MATERIAL PROVIDED
------------

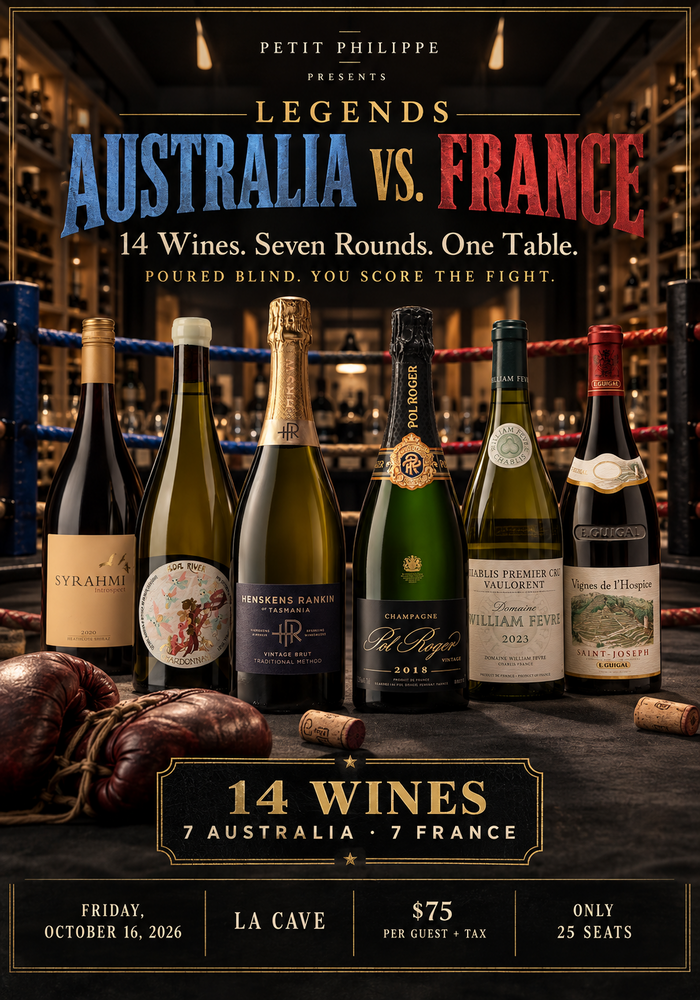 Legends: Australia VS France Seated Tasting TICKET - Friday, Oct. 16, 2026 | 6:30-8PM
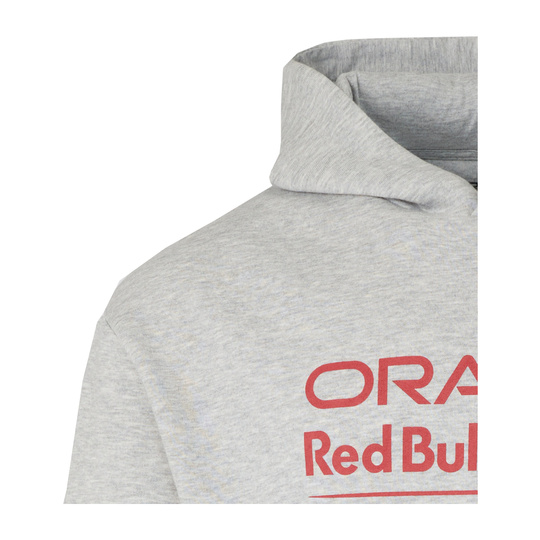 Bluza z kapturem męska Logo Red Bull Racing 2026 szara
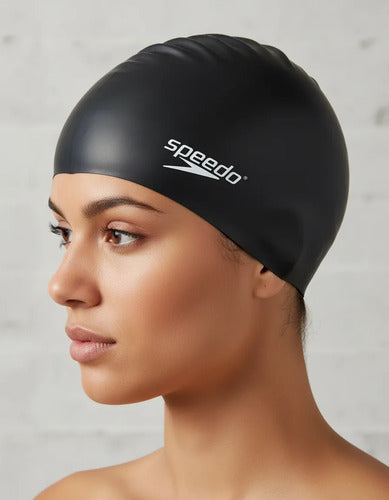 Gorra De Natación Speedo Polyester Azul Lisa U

------------

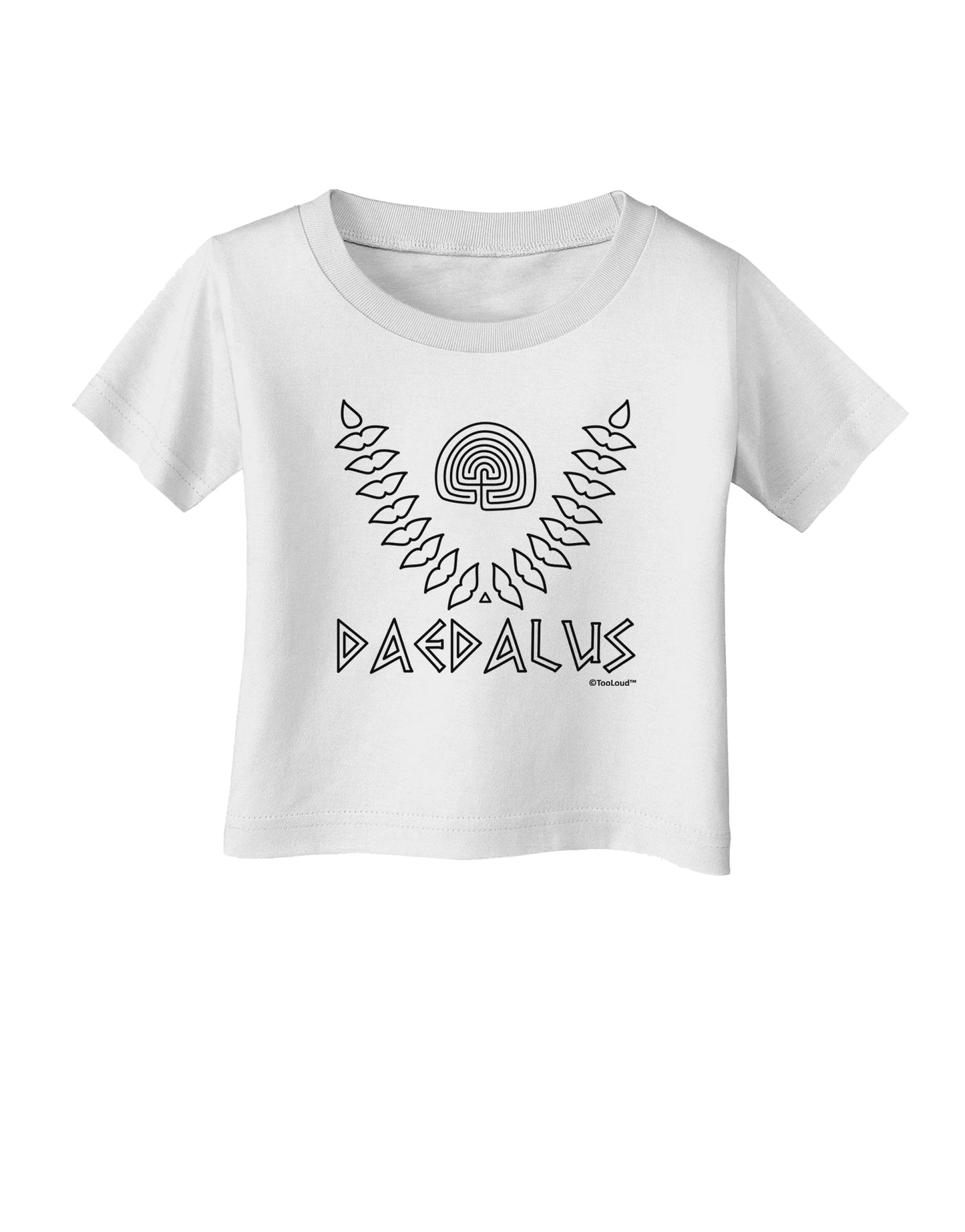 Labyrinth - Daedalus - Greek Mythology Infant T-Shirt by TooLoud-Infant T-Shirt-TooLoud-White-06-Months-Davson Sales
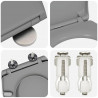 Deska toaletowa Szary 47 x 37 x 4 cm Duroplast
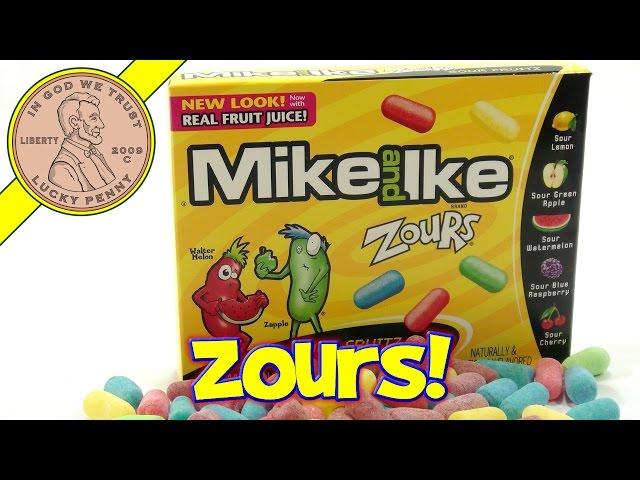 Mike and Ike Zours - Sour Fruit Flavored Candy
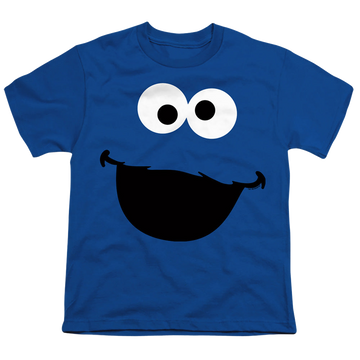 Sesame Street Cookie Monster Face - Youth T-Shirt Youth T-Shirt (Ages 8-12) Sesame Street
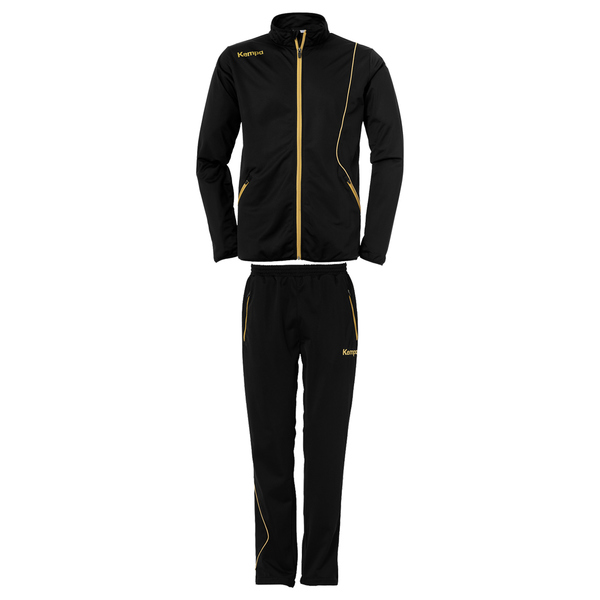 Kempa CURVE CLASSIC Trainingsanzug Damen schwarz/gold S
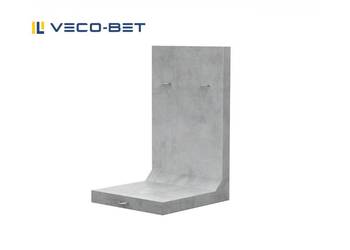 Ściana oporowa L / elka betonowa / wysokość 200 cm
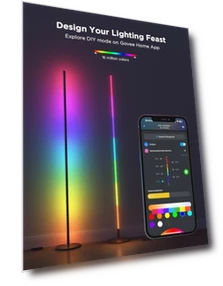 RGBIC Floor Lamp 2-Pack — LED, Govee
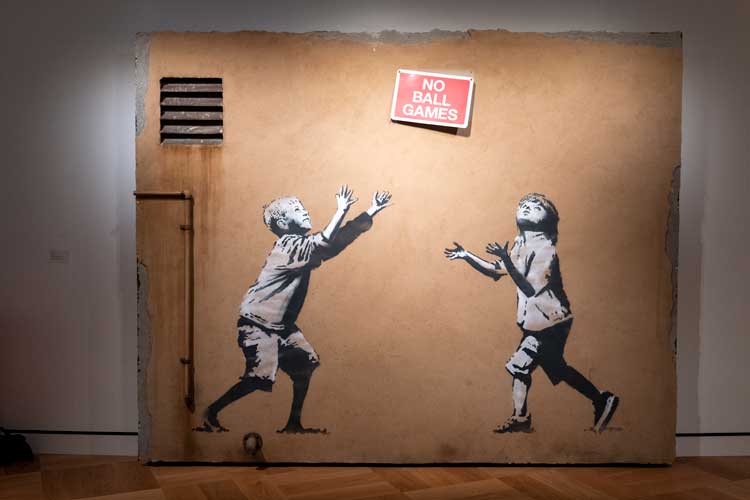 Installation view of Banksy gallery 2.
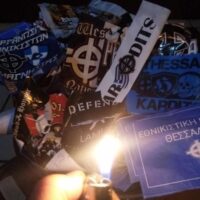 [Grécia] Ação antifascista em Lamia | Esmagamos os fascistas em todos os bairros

------------

The output is the stretch above from the line with "Deska toaletowa Szary" through the line with "[Grécia] Ação antifascista", copied word for word with both ends kept and every picture dropped.

 Deska toaletowa Szary 47 x 37 x 4 cm Duroplast
 Mike and Ike Zours - Sour Fruit Flavored Candy
 Sesame Street Cookie Monster Face - Youth T-Shirt Youth T-Shirt (Ages 8-12) Sesame Street
 Kempa CURVE CLASSIC Trainingsanzug Damen schwarz/gold S
 Ściana oporowa L / elka betonowa / wysokość 200 cm
 RGBIC Floor Lamp 2-Pack — LED, Govee
 Installation view of Banksy gallery 2.
 [Grécia] Ação antifascista em Lamia | Esmagamos os fascistas em todos os bairros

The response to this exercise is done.